In April last year, militants killed 26 people, mostly tourists, in the restive Himalayan region of Kashmir, triggering a four-day military conflict between India and Pakistan. The fighting kicked off when the Indian military launched airstrikes on what it alleged was terrorist infrastructure across the border, calling it “Operation Sindoor”.
Pakistan reported that Indian missiles had struck multiple civilian locations, including a mosque in the province of Punjab, resulting in casualties, and carried out retaliatory strikes.
Although the fighting was halted by a ceasefire brokered by the US, tensions continued to simmer and overshadowed the cricket matches between the two sides at the Asia Cup in September as well as the T20 World Cup earlier this year.
“The idea that cricket was now a legitimate proxy for more lethal activity was hammered home on X by India’s prime minister, Narendra Modi, after his country beat Pakistan in the final: ‘Operation Sindoor on the games field.

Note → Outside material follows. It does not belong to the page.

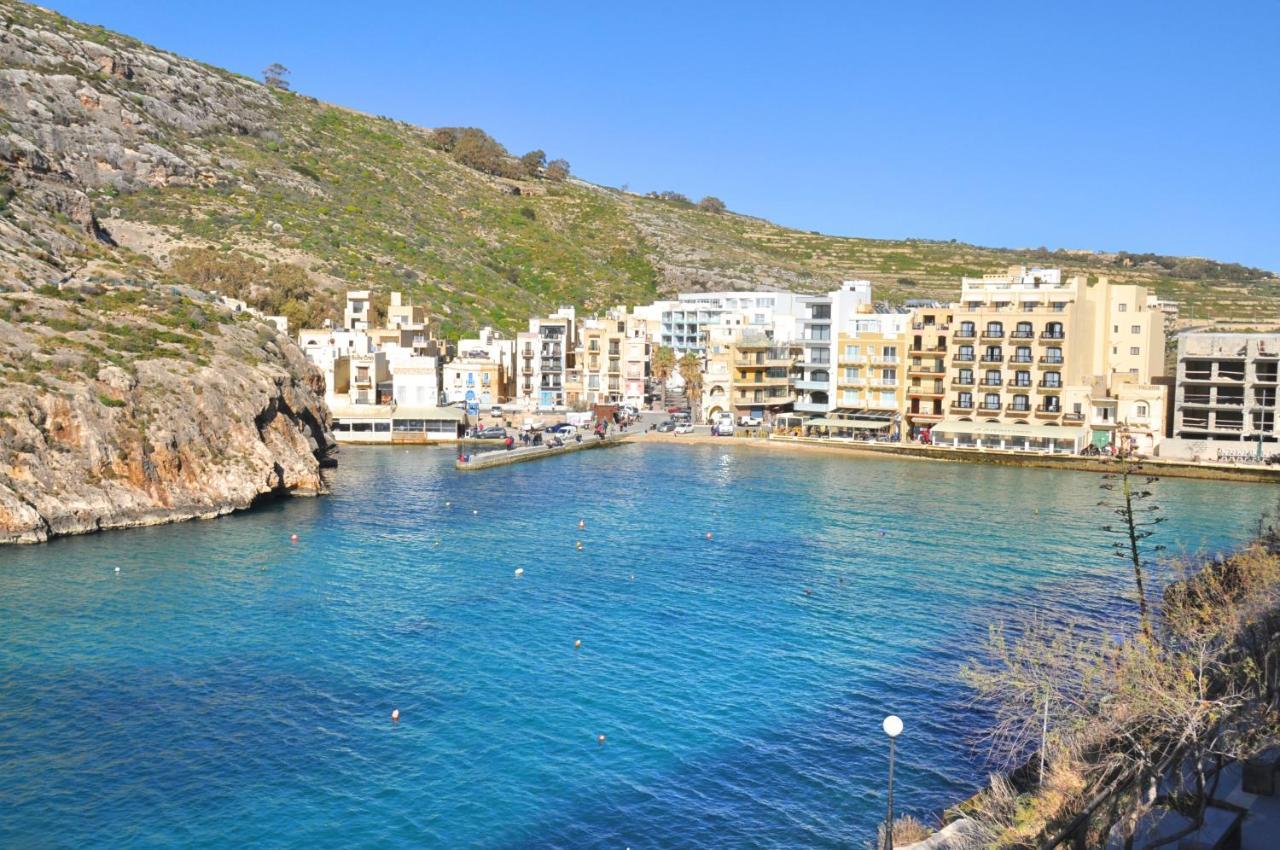 Superior Xlendi Lungomare Apartment エクステリア 写真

Outcome is the same – India wins!’” Mr Booth wrote. “The real-world Operation Sindoor had left dozens dead, on both sides of the border. Now it was being equated with a game of T20. Suryakumar lapped it up, suggesting that ‘it feels good when the country’s leader himself bats on the front foot – it felt like he took the strike and scored runs’.”
“If India were so appalled by Pakistan, they should simply have refused to play them. Instead, they opted for humiliation. But it was all performative: before the public snub, the captains had shaken hands in private,” he added. “And when the two nations’ Under-21 hockey teams met soon after in Malaysia, the game ended with hugs and high-fives.”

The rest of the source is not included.